Available data →
——

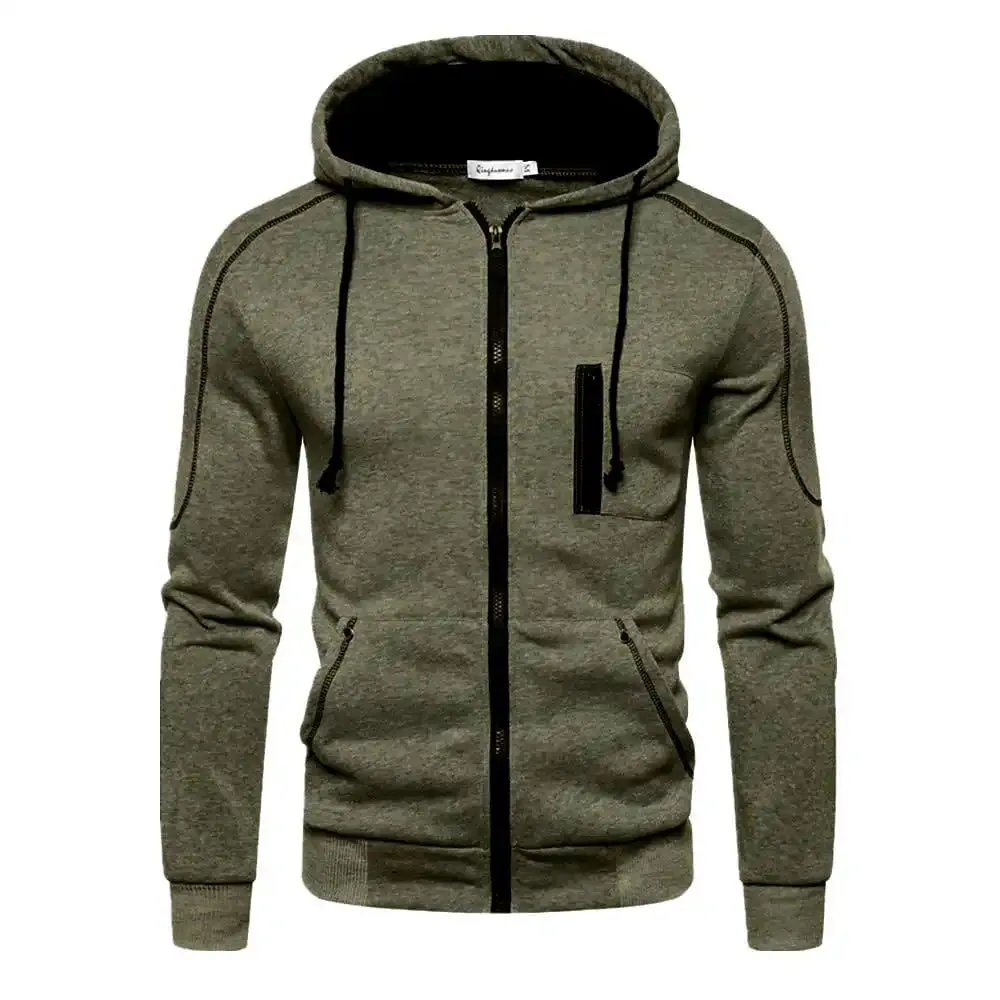 Men's Color Block Hoodie - Black/White/Army Green/Red - Casual Winter Fleece Sweatshirt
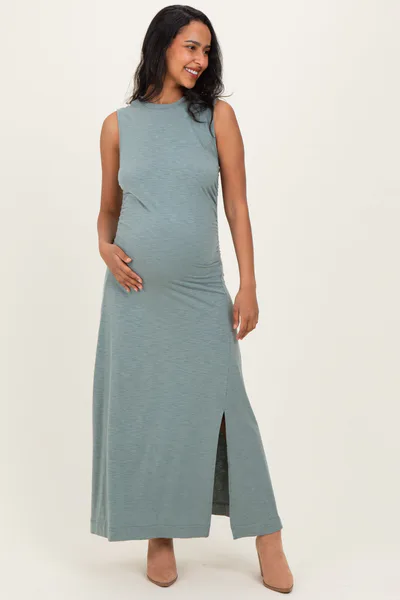PinkBlush Sage Side Slit Ruched Sleeveless Maternity Midi Dress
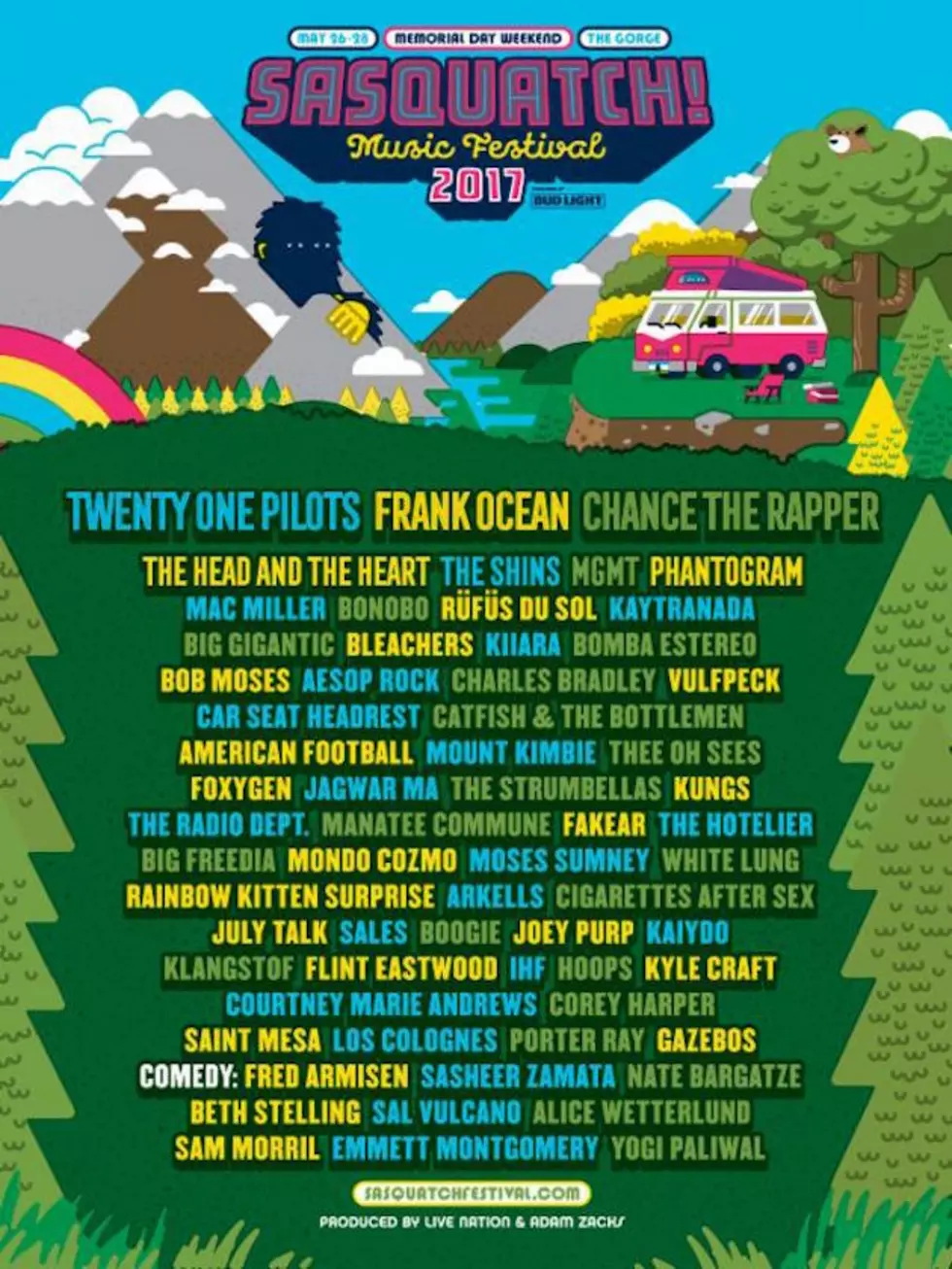 Chance The Rapper, Frank Ocean to Headline 2017 Sasquatch Festival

——

Prompt → Copy the listing above word for word. Do not include the pictures.

Exercise response →
 Men's Color Block Hoodie - Black/White/Army Green/Red - Casual Winter Fleece Sweatshirt
PinkBlush Sage Side Slit Ruched Sleeveless Maternity Midi Dress
 Chance The Rapper, Frank Ocean to Headline 2017 Sasquatch Festival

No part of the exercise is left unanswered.